CPI : la Gambienne Fatou Bensouda prend ses fonctions de procureur général

Photo datée du 12 décembre 2011 de Fatou Bensouda au siège des Nations Unies, à New York. © AFP

Fatou Bensouda devient ce vendredi procureur général de la Cour pénale internationale (CPI), succédant à Luis Moreno-Ocampo dont elle a été l'adjointe depuis 2004. La Gambienne veut suivre la voie tracée par son prédécesseur mais se dit aussi prête à des "ajustements".

Mis à jour le 15/06 à 10h00.

« Nous avons des styles différents et manifestement des approches différentes ». C’est avec cette déclaration que Fatou Bensouda, 50 ans, a choisi de se démarquer de son prédécesseur, Luis Moreno-Ocampo, procureur de la Cour pénale internationale (CPI).
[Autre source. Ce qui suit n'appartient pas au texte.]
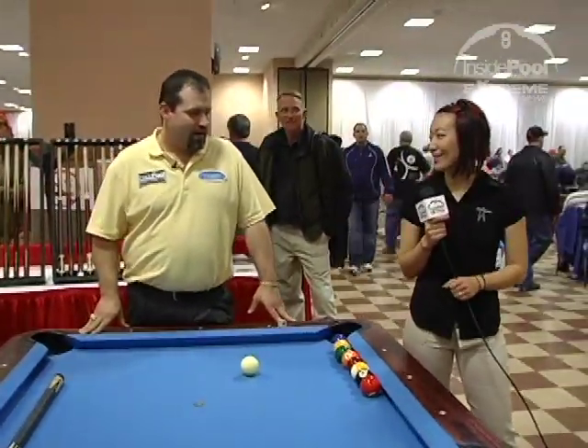Thanks for joining me. Sam Diepp here with Inside Pool Extreme Instruction. In this segment we have Hillbilly Charlie Bryant. He's going to demonstrate a few instructional tips for us. Take it away, Charlie.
La Gambienne, élue les États parties au Statut de Rome, le traité fondateur de la Cour, prête serment ce vendredi à 11 heures (09 heures GMT). Deuxième procureur en charge de la CPI, son mandat est de neuf ans, comme celui de Moreno-Ocampo, qui avait prêté serment le 3 novembre 2003. « Il a commencé avec moins de cinq personnes, aujourd’hui j’hérite de 300 personnes », souligne Bensouda.
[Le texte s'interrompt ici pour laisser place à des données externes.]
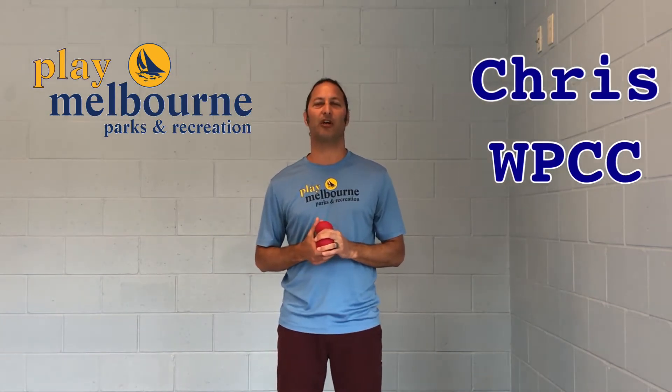Hi, my name is Chris. I'm from Wickham Park Community Center and today I'm going to teach you three easy steps how to juggle.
Le bureau du procureur n’a jamais été poussé par des considérations géographiques. Être africain ou non n’est pas le sujet ici.
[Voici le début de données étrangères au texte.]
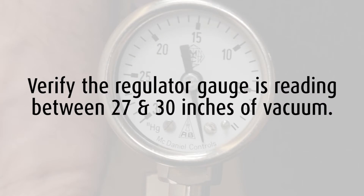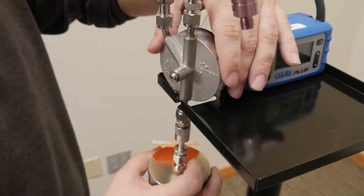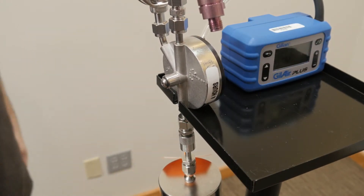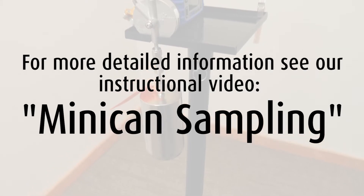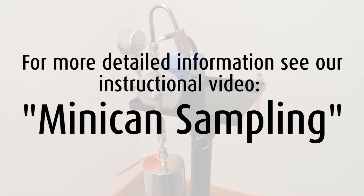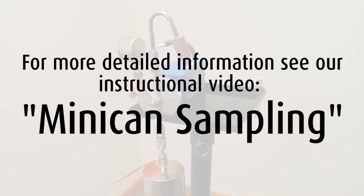Verify the regulator gauge is reading between 27 and 30 inches of vacuum. This vacuum will slowly decrease while sampling at variable rates. Holding the regulator and MiniCan at an angle, slide them onto the tray at the bottom of the regulator. For more detailed instructions, see our instructional video, MiniCan Sampling.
Fatou Bensouda, procureur de la CPI

La procureure aurait dû commencer ses nouvelles activités lundi 18 juin face à l’ancien président de Côte d’Ivoire, Laurent Gbagbo, lors d’une audience de confirmation des charges. Mais celle-ci a été reportée au 13 août à la demande de la défense. Au sujet de sa nationalité et en réaction à cette affaire, Fatou Bensouda a souhaité « être claire : le bureau du procureur n’a jamais été poussé par des considérations géographiques. Être africain ou non n’est pas le sujet ici. »

Nouvelles enquêtes en Afrique

La future procureure a ajouté qu’elle ouvrirait « de nouvelles enquêtes en Afrique » si elle devait le faire, mais n’hésiterait pas « à en ouvrir ailleurs si les critères du Statut de Rome sont remplis. » Concernant le cas du président soudanais Omar el-Béchir, accusé de génocide au Darfour, la Gambienne a reconnu éprouver « un sentiment de frustration » face à la situation.

« Le problème avec la CPI, a-t-elle souligné, c’est que nous sommes une institution judiciaire mais nous agissons dans un contexte politique ». « Il y a toujours des critiques (…) et l’un des principaux défis de la Cour consiste à continuer d’agir dans le cadre de la loi. » C’est aussi le fondement de la crédibilité de la CPI.